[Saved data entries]
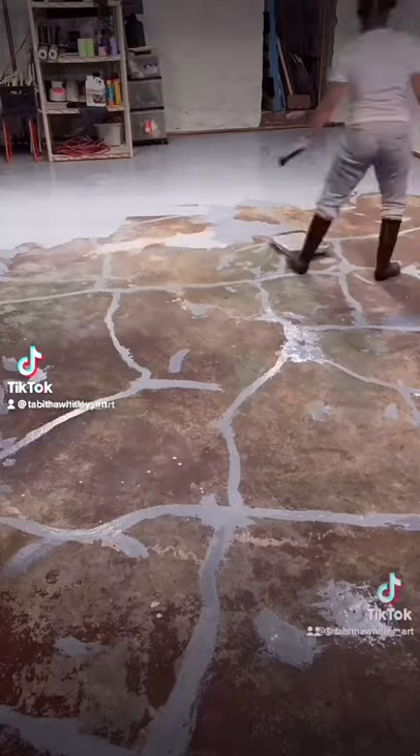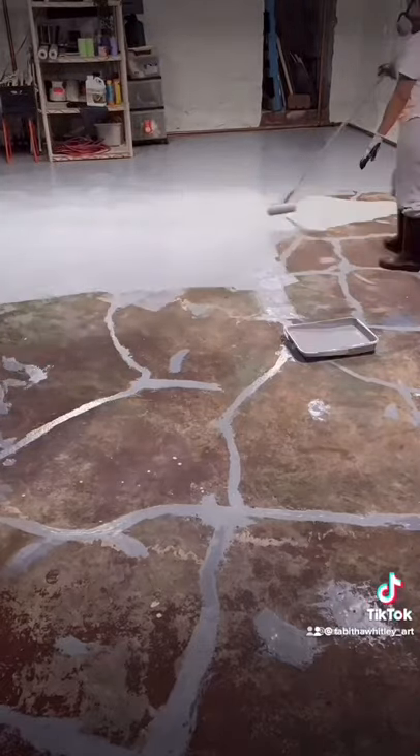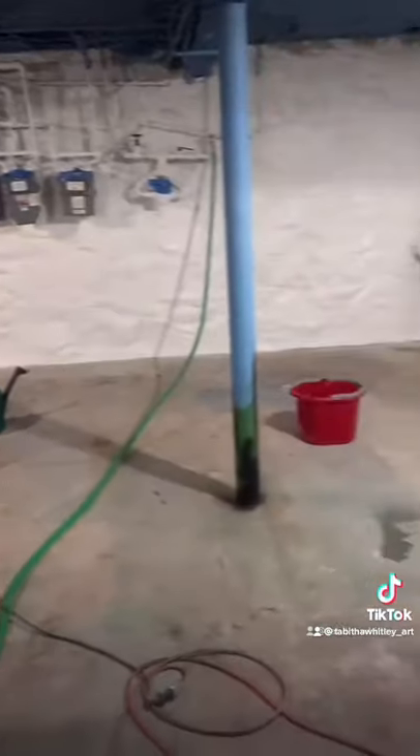How I Epoxied My Basement Floor, Part 1. This is the last section of basement I have to work on. First, I'm gonna get my safety gear and also my safety shoes.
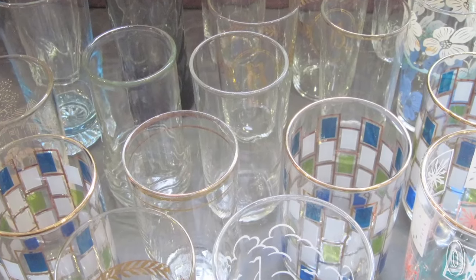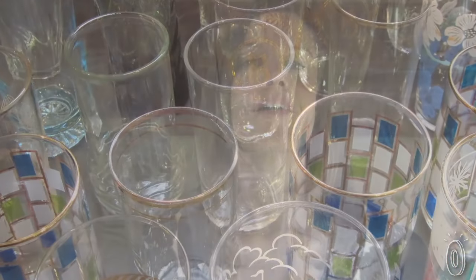You have that set that's just for when company comes over, maybe a set for outdoor use, but over the years glasses break and these complete sets become less complete.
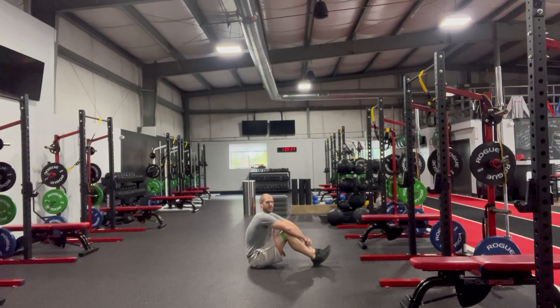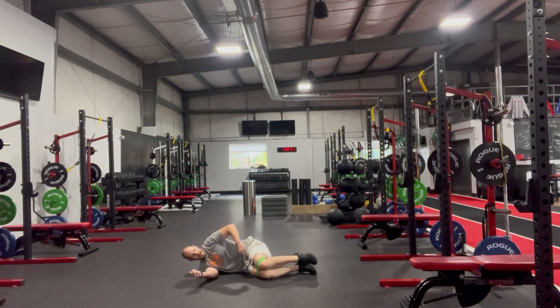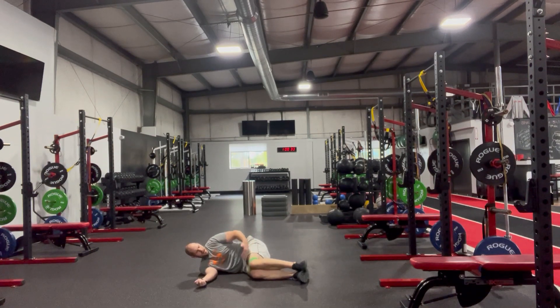Banded clam shell, glute bridge combo. Starting with a band just above the knees, side lying, stacking knees to start at 90 degrees at the hip and the knees. From there, sliding that top leg just back a little bit to get into that hip.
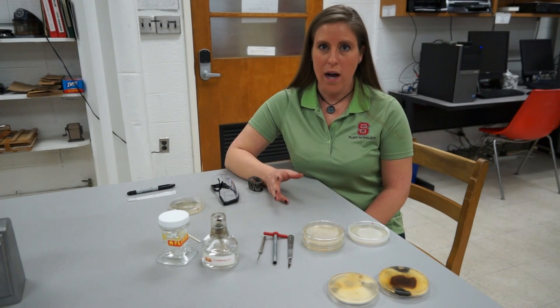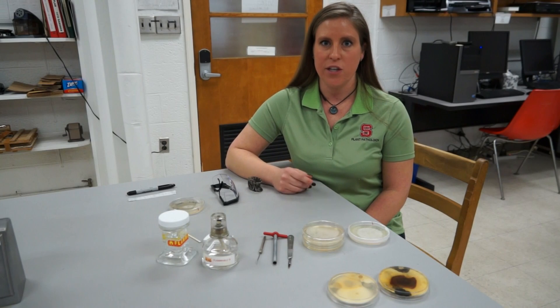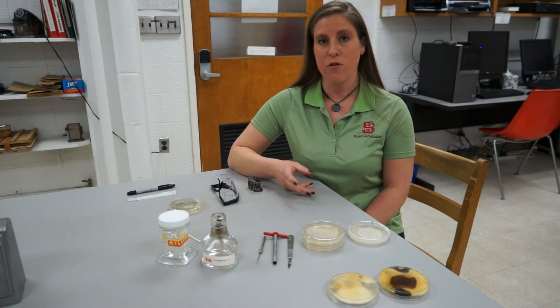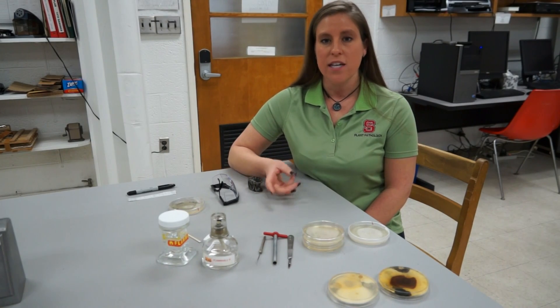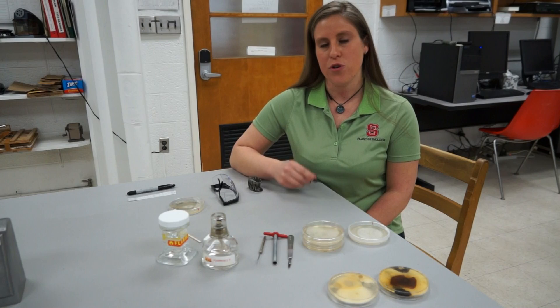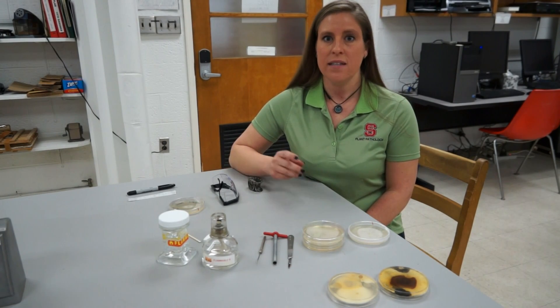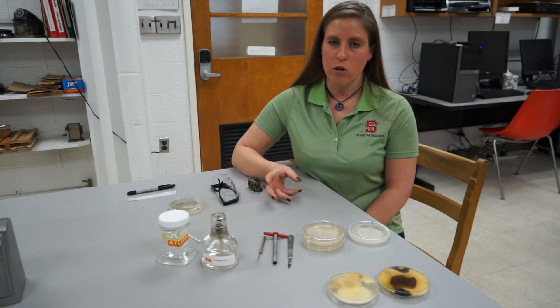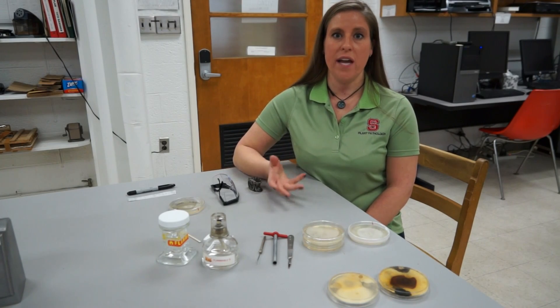Why are we transferring fungal cultures? When you perform experiments and work with organisms, you want to make sure that the organism you're performing your experiments with is actually the organism you're trying to test. You want to make sure that when you transfer your fungal culture, you use aseptic technique to maintain a sterile environment and keep your cultures pure.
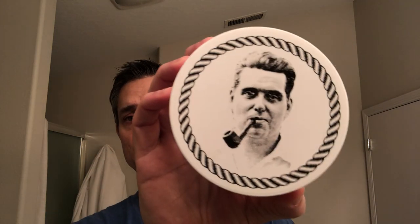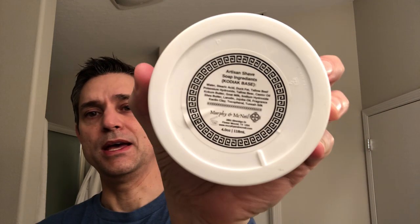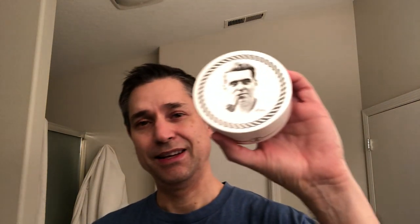Today I'm going to be using Murphy McNeil's Old Sport. This is in the Kodiak base. It's available again but now in the Aeon base — I have not tried the Aeon base from Murphy McNeil, but the Kodiak base is very nice. I don't have the matching splash. The notes on this are almond, myrrh, tonka, and vanilla. You'd think you'd get a little bit of tobacco in there with the pipe, and this totally reminds me of my grandpa.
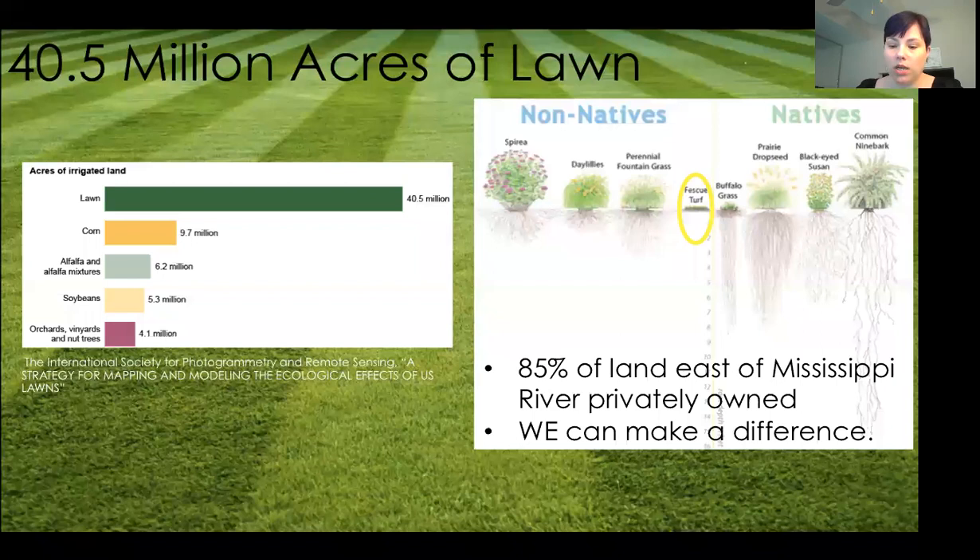Before I turn things over, I wanted to let you know we're working on a couple more gardening programs coming up. In August we'll be doing a tree care program, and in September I'm planning a program on saving seeds. We started a seed library at Barrington Library, so this will help you learn how to save seeds for your own purposes and donate them to the seed library for next year.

WHAT IS BEING ASKED: A faithful copy of all the data above is required, printed exactly and with no pictures.

RESPONSE:
How I Epoxied My Basement Floor, Part 1. This is the last section of basement I have to work on. First, I'm gonna get my safety gear and also my safety shoes.
You have that set that's just for when company comes over, maybe a set for outdoor use, but over the years glasses break and these complete sets become less complete.
Banded clam shell, glute bridge combo. Starting with a band just above the knees, side lying, stacking knees to start at 90 degrees at the hip and the knees. From there, sliding that top leg just back a little bit to get into that hip.
Why are we transferring fungal cultures? When you perform experiments and work with organisms, you want to make sure that the organism you're performing your experiments with is actually the organism you're trying to test. You want to make sure that when you transfer your fungal culture, you use aseptic technique to maintain a sterile environment and keep your cultures pure.
Today I'm going to be using Murphy McNeil's Old Sport. This is in the Kodiak base. It's available again but now in the Aeon base — I have not tried the Aeon base from Murphy McNeil, but the Kodiak base is very nice. I don't have the matching splash. The notes on this are almond, myrrh, tonka, and vanilla. You'd think you'd get a little bit of tobacco in there with the pipe, and this totally reminds me of my grandpa.
Before I turn things over, I wanted to let you know we're working on a couple more gardening programs coming up. In August we'll be doing a tree care program, and in September I'm planning a program on saving seeds. We started a seed library at Barrington Library, so this will help you learn how to save seeds for your own purposes and donate them to the seed library for next year.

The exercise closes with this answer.